Freixo de Espada à Cinta (), sometimes erroneously called Freixo de Espada Cinta (an archaism), is a municipality in the northeastern region of Portugal, near the border with Spain, along the Douro River Valley. The population in 2011 was 3,780, in an area of 244.14 km2.

History
There have been historians that affirm that the Narbasi, a proto-Roman Iberian clan mentioned by Ptolemy, first gathered in this region.

Medieval
There are various versions and legends associated with the municipality's toponymy. Of all the examples, there are common deductions: a Espada na Cinta de um Freixo (which literally means sword on the belt of an ash).
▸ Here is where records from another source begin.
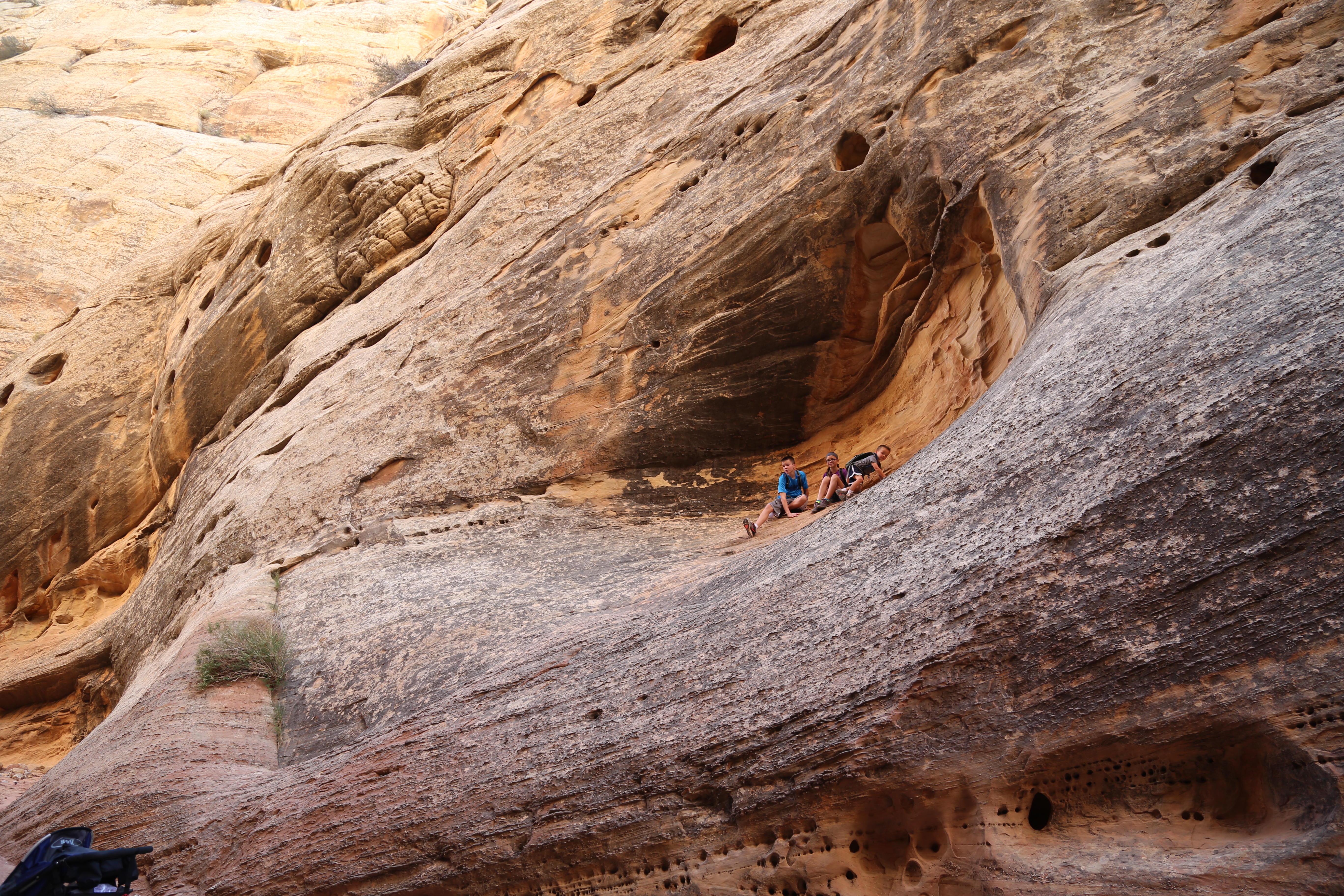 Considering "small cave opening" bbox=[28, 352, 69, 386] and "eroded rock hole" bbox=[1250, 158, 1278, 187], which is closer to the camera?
"eroded rock hole" bbox=[1250, 158, 1278, 187]

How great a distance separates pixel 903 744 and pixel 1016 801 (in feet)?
1.82

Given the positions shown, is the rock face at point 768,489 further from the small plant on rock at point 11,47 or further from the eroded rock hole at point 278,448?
the small plant on rock at point 11,47

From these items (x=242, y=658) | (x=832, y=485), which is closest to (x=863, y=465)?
(x=832, y=485)

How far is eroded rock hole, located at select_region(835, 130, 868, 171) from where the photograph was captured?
29.9 feet

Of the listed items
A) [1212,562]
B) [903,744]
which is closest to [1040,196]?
[1212,562]

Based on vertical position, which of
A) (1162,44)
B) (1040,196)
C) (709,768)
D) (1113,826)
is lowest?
(1113,826)

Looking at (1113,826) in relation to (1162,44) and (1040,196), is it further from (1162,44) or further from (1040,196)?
(1162,44)

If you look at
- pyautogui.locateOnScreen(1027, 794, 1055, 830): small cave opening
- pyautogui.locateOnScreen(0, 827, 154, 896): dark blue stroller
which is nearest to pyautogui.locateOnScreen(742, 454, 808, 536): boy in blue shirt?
pyautogui.locateOnScreen(1027, 794, 1055, 830): small cave opening

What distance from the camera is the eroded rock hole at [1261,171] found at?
5695 millimetres

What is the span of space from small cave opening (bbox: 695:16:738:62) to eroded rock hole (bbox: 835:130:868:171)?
3.77 m

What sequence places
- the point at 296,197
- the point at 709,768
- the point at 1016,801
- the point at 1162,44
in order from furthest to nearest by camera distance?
1. the point at 296,197
2. the point at 1162,44
3. the point at 709,768
4. the point at 1016,801

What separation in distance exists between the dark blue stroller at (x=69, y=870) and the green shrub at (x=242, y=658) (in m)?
2.78

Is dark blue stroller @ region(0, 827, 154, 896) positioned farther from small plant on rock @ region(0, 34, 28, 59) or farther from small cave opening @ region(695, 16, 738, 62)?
small plant on rock @ region(0, 34, 28, 59)

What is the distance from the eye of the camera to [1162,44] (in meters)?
7.07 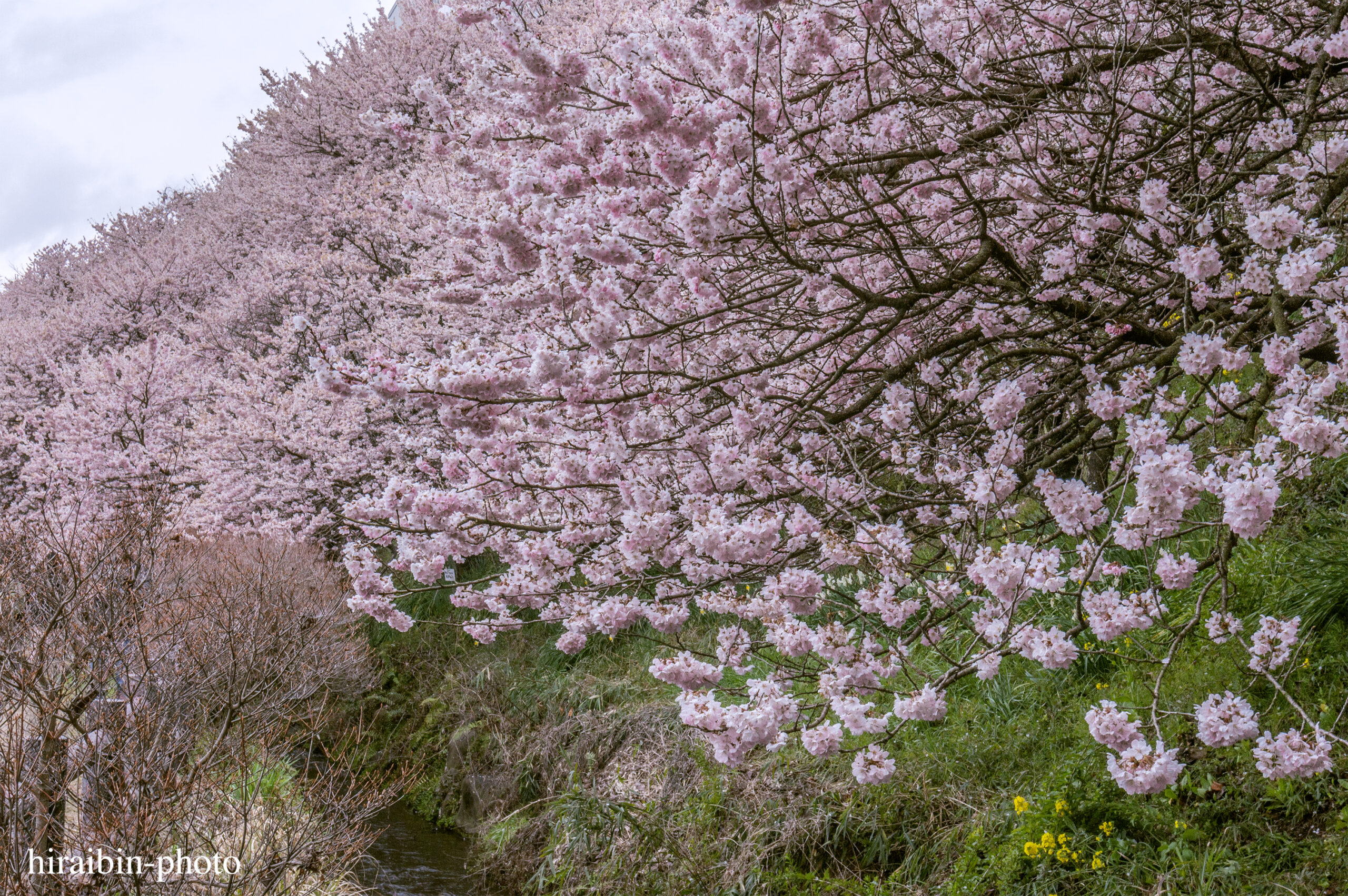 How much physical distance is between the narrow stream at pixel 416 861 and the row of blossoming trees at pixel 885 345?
3.90m

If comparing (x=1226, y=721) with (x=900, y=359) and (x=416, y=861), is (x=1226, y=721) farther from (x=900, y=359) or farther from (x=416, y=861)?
(x=416, y=861)

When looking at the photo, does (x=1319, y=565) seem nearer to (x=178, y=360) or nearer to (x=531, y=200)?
(x=531, y=200)

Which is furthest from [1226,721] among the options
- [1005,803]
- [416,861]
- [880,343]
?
[416,861]

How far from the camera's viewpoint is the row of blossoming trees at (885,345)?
2.59m

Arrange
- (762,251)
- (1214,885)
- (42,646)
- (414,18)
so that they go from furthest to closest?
(414,18) < (42,646) < (762,251) < (1214,885)

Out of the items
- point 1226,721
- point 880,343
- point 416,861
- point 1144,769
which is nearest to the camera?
point 1144,769

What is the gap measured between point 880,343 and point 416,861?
664 cm

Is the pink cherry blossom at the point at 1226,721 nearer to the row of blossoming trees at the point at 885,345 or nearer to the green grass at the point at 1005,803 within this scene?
the row of blossoming trees at the point at 885,345

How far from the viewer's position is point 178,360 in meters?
15.5

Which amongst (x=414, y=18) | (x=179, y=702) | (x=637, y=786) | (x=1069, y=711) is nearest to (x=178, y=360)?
(x=414, y=18)

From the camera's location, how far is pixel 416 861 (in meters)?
7.88

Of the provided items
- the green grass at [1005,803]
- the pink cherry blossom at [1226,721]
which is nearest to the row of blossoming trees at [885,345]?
the pink cherry blossom at [1226,721]

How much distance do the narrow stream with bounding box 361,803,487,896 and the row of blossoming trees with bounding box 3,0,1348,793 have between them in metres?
3.90

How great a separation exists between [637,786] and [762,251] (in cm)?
409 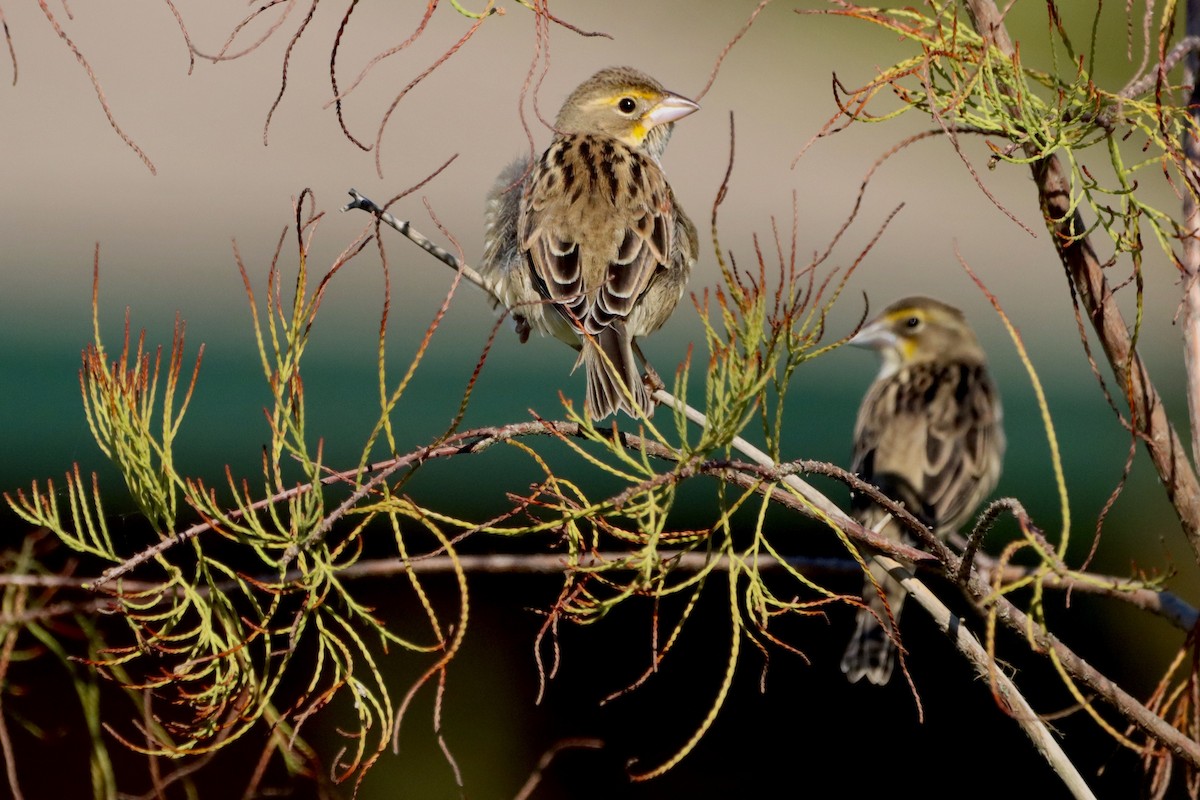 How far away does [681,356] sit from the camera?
602 cm

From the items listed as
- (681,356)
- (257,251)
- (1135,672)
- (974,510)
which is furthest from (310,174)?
(1135,672)

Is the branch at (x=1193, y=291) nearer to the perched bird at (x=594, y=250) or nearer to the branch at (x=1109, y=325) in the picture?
the branch at (x=1109, y=325)

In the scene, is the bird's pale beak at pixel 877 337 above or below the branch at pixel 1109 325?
above

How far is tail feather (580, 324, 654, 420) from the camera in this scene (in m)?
3.55

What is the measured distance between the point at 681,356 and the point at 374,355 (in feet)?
4.65

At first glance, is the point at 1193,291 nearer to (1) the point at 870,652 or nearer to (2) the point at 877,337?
(1) the point at 870,652

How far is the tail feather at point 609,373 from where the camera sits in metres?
3.55

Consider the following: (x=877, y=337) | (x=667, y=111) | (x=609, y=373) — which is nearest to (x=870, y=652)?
(x=877, y=337)

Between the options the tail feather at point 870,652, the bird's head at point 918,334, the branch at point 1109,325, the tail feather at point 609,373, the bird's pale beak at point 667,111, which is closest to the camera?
the branch at point 1109,325

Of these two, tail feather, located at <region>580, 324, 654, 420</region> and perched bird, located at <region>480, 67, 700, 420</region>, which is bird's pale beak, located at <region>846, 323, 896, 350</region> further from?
tail feather, located at <region>580, 324, 654, 420</region>

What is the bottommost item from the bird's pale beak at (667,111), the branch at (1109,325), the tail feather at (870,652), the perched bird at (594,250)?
the tail feather at (870,652)

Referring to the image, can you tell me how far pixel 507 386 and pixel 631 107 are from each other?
51.2 inches

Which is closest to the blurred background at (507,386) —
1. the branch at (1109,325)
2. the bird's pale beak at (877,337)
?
the bird's pale beak at (877,337)

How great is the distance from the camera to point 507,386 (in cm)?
566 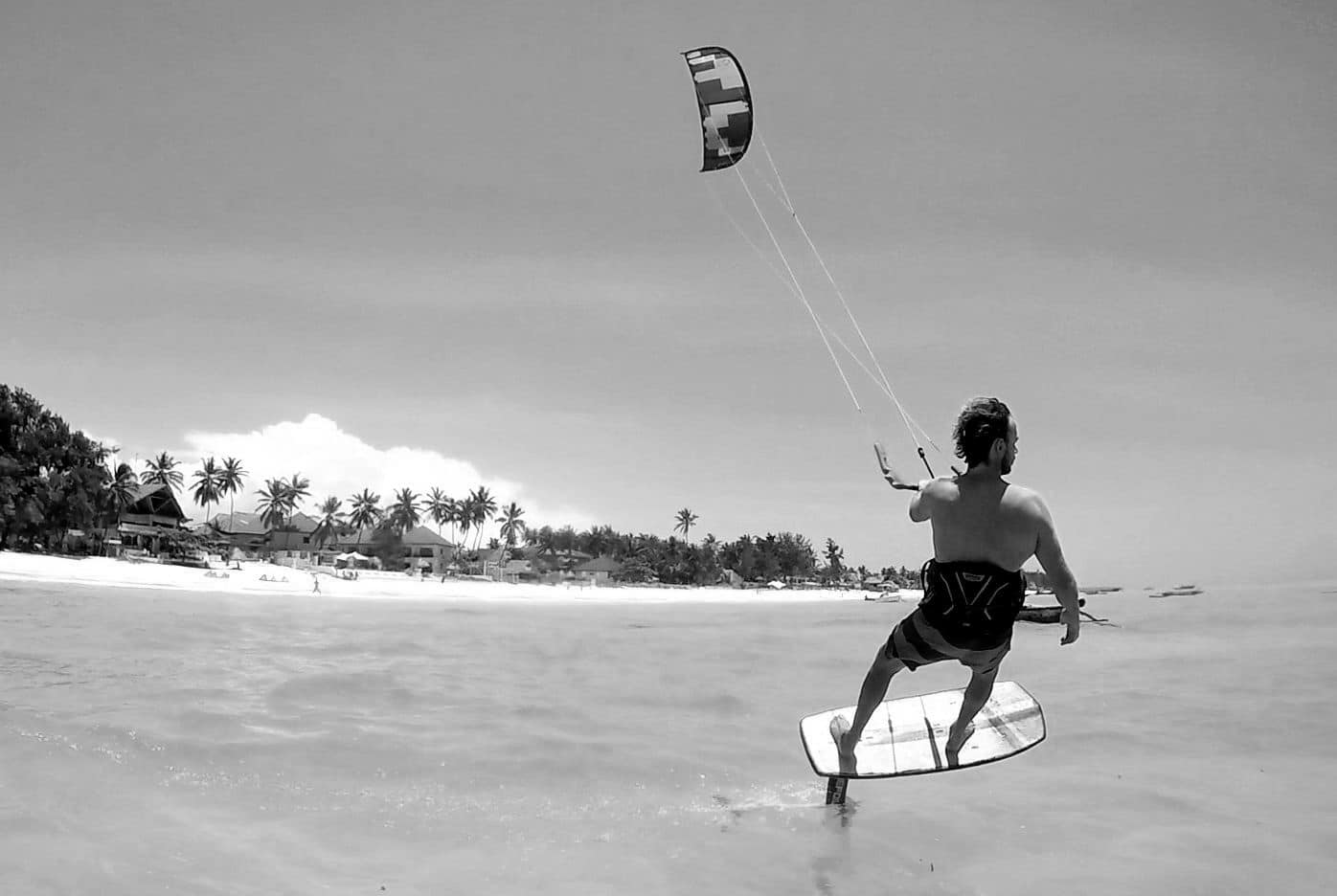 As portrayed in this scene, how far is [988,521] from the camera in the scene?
4344 millimetres

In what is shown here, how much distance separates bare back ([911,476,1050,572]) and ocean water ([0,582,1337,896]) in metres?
1.74

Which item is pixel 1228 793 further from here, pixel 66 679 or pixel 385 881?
pixel 66 679

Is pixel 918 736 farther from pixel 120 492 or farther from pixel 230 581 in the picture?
pixel 120 492

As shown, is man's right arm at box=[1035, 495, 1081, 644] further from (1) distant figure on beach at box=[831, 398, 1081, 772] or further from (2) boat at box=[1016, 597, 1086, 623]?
(2) boat at box=[1016, 597, 1086, 623]

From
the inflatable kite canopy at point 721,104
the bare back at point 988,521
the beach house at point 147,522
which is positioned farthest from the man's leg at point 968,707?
the beach house at point 147,522

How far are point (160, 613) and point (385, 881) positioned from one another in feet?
70.2

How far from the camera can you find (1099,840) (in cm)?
526

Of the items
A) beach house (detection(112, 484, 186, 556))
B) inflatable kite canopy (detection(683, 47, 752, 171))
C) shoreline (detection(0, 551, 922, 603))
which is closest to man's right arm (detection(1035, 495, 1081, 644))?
inflatable kite canopy (detection(683, 47, 752, 171))

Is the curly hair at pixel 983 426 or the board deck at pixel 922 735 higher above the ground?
the curly hair at pixel 983 426

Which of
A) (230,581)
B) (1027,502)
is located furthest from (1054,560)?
(230,581)

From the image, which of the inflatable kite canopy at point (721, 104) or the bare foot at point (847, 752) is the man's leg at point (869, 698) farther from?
the inflatable kite canopy at point (721, 104)

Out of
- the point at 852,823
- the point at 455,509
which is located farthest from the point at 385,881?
the point at 455,509

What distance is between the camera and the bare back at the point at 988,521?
4.30 meters

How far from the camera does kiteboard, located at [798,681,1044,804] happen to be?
521 cm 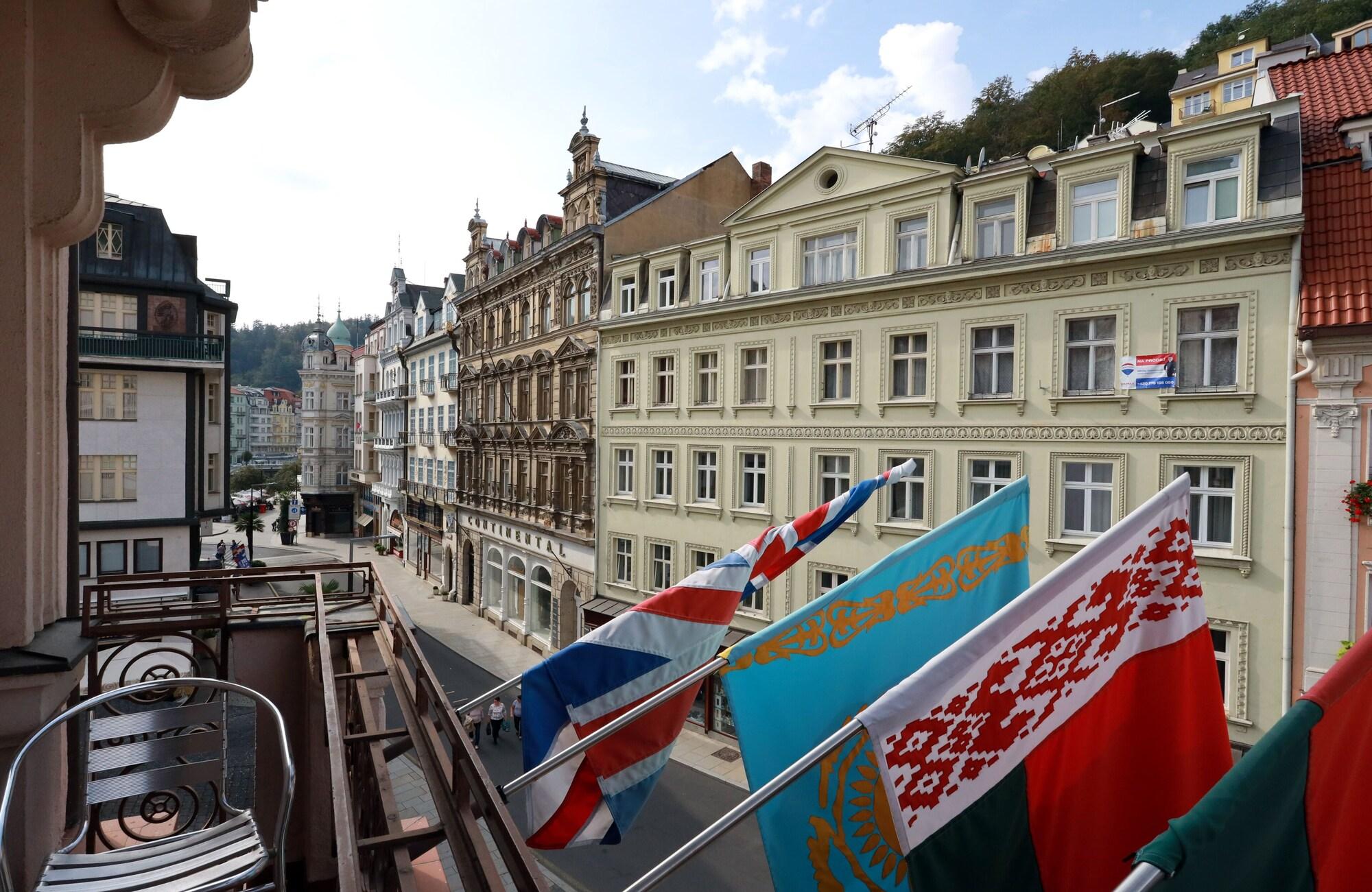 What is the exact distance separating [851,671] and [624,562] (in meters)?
19.7

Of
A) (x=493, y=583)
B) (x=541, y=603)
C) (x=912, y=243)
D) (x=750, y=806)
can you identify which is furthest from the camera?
(x=493, y=583)

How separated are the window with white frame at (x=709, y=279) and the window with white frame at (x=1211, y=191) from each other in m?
11.0

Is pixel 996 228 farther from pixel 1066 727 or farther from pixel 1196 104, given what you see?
pixel 1196 104

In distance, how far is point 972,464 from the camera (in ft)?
52.7

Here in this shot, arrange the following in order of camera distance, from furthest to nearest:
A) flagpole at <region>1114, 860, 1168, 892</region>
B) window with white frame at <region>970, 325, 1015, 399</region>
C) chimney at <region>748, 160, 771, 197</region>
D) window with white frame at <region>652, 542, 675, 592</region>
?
chimney at <region>748, 160, 771, 197</region>
window with white frame at <region>652, 542, 675, 592</region>
window with white frame at <region>970, 325, 1015, 399</region>
flagpole at <region>1114, 860, 1168, 892</region>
There is no doubt that freixo in this context refers to the ash tree, a Portuguese derivative of the Latin fraxinus, although the rest of the toponymic name is still confounded in legend. One legend recalls that the settlement of Freixo was established by a nobleman named Feijão, who died in 977, cousin of Saint Rudesind, whose heraldry included both an ash tree and belted-sword, to which the community received its name. Another legend suggests that the name was derived from a nobleman named Espadacinta; after a battle with Arabs along the margins of the Douro River, he arrived in this territory, and tired, he rested in the shadow of a large ash tree, where he hung his sword. This perpetuated the name for the settlement, which soon became known as Freixo de Espadacinta. A similar story recounts that it was King Denis who, fatigued from his battles with his illegitimate son (Afonso Sanches), and travelling through the wilderness of Freixo, he rested under the shadow of the ash tree, where he impaled his broadsword. The King fell asleep, and after a dream, declared that the village would be known as Freixo de Espada à Cinta. Today, near the Matriz Church, which once pertained to the medieval castle, exists an old ash tree, which is accepted by the local residents as the fabled tree impaled by the King.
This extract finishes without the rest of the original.